Por enésima vez, aunque se asemeje a la condena de Sísifo, se ha de recordar que el Parlamento no puede ser un ornamento político de la organización del poder de un Estado o, peor, una claque del Gobierno. En un parlamento democrático o representativo, es decir, verdadero, se ha de encarnar el pluralismo social de manera vibrante y efectiva. El Parlamento no puede ser la Cámara corporativa de una mera regla de voluntades partidistas. Suma y resta de votos, sin diálogo y transacción racionales, de parlamentarios reducidos a extensiones de las direcciones de los partidos políticos.

El dominio irracional («mando, luego ordeno chitón») del Parlamento por un bloque, anulando sin más al contrario, borrando ‘de facto’ y aun culpando en los preámbulos de las leyes a quien piensa diferente, socava mortalmente la esencia del parlamentarismo y, por ende, de la democracia («el fallo sobre el parlamentarismo es, a la vez, el fallo sobre la democracia»; Kelsen). El riesgo de alimentar una reacción pendular es evidente; cuando, tras unas nuevas elecciones, la oposición sustituya a la actual mayoría. Y la responsabilidad recae en quien inicia y se instala en esa perniciosa dinámica de laminación del discrepante.

¿Qué ha pasado en las Cortes y algunos parlamentos autonómicos de repente, o viene de atrás y no hemos visto la desnudez hasta ahora? ¿Tal es la divergencia de nuestros actuales representantes, que se ha abierto una fractura imposible de salvar, que no puede haber trato con quienes no son de los nuestros? ¿Tan mal estamos en España que las Cortes y algunos parlamentos autonómicos no están sirviendo para moderar a los extremistas y antisistema, que, en vez de incorporarse al parlamentarismo, lo están devorando? Un funcionamiento tan desviado como el que se está perpetrando revela que, en puntos básicos, no existe una creencia común política, y, por tanto, que no existe una conciencia política española. Con todo lo grave que se sigue de esto.

Para que el Parlamento funcione razonablemente, lo importante de sus miembros es que tengan más de una cosa en común, al margen de su ideología.
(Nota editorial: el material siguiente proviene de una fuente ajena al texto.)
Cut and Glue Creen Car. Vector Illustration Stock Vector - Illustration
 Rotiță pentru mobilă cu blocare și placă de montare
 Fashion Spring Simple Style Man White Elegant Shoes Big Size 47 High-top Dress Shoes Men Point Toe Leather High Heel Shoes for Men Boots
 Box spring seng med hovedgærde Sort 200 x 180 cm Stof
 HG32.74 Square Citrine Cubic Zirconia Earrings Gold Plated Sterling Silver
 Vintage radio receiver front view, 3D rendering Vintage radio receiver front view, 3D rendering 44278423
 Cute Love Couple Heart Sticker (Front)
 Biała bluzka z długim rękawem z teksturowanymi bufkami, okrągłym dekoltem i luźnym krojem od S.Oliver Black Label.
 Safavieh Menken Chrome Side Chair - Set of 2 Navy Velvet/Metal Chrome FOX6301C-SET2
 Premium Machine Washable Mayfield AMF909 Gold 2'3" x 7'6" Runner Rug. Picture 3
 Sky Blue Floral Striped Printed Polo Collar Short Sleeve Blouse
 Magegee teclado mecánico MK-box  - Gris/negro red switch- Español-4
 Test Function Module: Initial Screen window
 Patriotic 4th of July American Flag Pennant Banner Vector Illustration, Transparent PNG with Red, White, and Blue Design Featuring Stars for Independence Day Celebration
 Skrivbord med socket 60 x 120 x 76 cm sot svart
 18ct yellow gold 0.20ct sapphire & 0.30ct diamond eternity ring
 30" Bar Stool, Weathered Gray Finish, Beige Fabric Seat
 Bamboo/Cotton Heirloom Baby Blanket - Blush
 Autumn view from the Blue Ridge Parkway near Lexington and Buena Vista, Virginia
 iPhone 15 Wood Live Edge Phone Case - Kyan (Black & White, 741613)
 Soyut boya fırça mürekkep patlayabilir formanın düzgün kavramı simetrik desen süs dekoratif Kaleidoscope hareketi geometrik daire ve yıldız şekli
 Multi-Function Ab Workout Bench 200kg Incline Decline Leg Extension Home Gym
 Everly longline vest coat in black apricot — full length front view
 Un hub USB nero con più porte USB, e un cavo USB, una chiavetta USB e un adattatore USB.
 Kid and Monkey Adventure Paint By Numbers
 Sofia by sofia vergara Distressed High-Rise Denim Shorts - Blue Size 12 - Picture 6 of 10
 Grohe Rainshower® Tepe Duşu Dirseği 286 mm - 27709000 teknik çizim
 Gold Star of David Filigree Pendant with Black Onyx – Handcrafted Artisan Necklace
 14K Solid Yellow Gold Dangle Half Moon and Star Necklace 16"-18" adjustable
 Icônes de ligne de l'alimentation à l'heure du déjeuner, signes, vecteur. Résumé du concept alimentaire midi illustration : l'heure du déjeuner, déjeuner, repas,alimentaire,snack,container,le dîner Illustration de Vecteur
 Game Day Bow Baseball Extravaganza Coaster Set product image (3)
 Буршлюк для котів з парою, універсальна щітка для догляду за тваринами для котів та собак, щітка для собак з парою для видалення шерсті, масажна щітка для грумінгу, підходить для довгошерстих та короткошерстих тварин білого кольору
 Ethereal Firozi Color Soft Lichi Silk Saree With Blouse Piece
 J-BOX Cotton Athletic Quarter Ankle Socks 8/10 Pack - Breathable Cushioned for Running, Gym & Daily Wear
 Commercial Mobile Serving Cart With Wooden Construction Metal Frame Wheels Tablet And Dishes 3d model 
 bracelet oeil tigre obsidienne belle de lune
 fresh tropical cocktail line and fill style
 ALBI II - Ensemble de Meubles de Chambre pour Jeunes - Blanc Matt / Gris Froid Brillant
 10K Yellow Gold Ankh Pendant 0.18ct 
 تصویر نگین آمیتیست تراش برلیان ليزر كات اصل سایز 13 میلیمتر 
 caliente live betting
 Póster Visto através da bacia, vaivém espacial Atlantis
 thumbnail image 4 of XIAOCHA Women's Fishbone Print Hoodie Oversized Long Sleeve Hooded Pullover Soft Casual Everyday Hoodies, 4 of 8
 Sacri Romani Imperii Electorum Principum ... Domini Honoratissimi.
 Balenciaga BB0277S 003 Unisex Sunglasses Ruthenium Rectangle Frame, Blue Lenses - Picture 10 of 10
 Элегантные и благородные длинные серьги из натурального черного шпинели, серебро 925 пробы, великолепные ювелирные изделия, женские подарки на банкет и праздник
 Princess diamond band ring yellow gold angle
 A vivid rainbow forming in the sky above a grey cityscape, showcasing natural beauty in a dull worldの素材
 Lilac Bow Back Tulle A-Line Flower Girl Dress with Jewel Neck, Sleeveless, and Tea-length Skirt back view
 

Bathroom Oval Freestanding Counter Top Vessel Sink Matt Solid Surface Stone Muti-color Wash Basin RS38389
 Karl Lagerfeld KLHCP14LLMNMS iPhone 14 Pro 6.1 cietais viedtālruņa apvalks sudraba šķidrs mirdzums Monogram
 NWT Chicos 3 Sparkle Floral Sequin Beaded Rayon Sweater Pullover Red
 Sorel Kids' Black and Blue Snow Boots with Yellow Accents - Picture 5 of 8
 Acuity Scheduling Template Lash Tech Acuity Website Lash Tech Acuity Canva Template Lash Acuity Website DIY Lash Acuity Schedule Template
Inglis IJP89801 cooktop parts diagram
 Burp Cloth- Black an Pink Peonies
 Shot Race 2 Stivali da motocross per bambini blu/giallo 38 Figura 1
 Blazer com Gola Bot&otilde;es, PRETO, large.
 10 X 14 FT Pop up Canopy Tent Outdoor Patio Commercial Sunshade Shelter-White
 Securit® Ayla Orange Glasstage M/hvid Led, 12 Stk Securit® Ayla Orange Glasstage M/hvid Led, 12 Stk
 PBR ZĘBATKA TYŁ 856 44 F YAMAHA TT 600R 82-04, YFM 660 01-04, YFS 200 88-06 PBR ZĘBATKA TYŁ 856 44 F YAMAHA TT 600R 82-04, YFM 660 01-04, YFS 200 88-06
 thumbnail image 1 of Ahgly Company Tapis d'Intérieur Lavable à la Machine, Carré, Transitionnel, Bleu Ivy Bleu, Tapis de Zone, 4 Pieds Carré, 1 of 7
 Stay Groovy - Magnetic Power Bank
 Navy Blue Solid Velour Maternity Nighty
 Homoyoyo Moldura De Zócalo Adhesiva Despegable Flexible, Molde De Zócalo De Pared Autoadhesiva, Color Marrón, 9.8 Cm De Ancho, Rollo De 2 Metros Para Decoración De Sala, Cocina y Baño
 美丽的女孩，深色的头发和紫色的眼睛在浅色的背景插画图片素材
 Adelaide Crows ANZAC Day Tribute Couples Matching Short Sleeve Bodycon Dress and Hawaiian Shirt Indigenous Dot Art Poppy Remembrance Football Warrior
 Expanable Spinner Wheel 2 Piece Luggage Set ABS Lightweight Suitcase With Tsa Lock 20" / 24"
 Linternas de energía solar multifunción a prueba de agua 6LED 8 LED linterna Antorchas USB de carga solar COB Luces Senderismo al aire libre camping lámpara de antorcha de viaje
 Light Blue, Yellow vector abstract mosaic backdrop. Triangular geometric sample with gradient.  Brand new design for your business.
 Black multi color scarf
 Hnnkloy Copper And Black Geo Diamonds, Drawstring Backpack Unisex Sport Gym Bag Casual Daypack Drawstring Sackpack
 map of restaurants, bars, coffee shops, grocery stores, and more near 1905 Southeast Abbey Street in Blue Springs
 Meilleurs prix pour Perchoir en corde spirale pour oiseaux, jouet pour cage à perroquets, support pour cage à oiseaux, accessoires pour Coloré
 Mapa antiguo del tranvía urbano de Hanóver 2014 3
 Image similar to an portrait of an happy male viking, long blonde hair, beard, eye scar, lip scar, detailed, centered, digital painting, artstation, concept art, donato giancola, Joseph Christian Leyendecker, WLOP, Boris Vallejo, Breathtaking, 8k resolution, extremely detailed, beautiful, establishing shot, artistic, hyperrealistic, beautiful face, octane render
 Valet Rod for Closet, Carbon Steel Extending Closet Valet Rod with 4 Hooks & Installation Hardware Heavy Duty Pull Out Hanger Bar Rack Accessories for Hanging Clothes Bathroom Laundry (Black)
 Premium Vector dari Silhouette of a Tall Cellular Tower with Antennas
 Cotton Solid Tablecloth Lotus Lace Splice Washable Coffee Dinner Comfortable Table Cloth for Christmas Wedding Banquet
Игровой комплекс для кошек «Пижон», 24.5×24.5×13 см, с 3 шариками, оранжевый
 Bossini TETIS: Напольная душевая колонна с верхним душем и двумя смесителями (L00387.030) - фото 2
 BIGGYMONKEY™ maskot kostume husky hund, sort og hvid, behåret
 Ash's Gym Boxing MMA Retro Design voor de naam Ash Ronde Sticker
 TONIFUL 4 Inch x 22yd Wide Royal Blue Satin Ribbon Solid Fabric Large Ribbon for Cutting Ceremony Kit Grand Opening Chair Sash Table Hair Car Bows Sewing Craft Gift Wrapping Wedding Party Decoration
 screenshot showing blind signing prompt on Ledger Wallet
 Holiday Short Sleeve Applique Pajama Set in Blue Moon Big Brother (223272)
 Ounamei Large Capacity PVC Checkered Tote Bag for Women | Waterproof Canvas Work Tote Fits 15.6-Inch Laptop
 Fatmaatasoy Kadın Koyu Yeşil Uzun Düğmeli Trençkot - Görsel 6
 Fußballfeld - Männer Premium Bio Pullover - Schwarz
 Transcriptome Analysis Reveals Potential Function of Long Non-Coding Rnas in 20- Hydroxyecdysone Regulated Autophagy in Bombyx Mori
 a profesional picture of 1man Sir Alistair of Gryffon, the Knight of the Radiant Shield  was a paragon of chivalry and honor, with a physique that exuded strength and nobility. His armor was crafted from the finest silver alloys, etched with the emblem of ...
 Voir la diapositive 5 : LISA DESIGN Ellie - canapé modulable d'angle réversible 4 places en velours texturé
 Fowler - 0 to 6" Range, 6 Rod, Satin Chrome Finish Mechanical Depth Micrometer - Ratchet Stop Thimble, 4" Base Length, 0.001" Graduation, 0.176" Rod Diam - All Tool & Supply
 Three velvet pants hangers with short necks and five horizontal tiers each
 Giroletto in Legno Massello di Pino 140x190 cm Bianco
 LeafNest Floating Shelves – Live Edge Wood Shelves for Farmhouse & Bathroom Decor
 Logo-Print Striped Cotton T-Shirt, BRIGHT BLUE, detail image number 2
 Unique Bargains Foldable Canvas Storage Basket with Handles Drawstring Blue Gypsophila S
Y, claro es, compartir una base de convicciones sobre la libertad y la democracia, y la nación que representan. El diálogo es y conforma una forma de política, de comunidad, de Estado. La tarea de las Cortes y de los parlamentos autonómicos consiste en ahormar, dialogando, una clase política que enhebre las aspiraciones nacionales con las autonómicas.

Pero si no hay clase política, con conciencia de su responsabilidad y de ir más allá de la supervivencia de cada uno, la situación tiende naturalmente a más fragmentación. De modo que no genera puentes entre ellos, ni confianza con los representados. Perplejos, irritados y, finalmente, pasotas o agresivos ante quienes deben ser su voz y dar voz a todos. Y, sin clase política no hay cultura política, y viceversa; y donde hay carencia de ambas, es inútil buscar continuidad, ni diálogo, ni instituciones seguras (Dahrendorf). Y, si esto sucede, tampoco hay libertad, ni democracia.

¿Volverá a ser posible el encuentro de los diferentes o, si se prefiere, de grupos diferentes? ¿Y volverá a ser ese lugar la institución donde corresponde, el Parlamento? A la luz de la idea de libertad, que «es y será el centro eterno y fundamental de toda especulación política» (Kelsen), el ciudadano, si no quiere perder esta condición y caer en la de una subespecie de ilota-5G, y ver su país convertido en una almoneda de desaprensivos y perdido su bienestar y el de sus descendientes y ascendientes, debe examinar el uso que se está haciendo de las Cortes y de ciertos parlamentos autonómicos; sacar sus conclusiones y actuar en consecuencia.

Daniel Berzosa es abogado y doctor en Derecho Constitucional.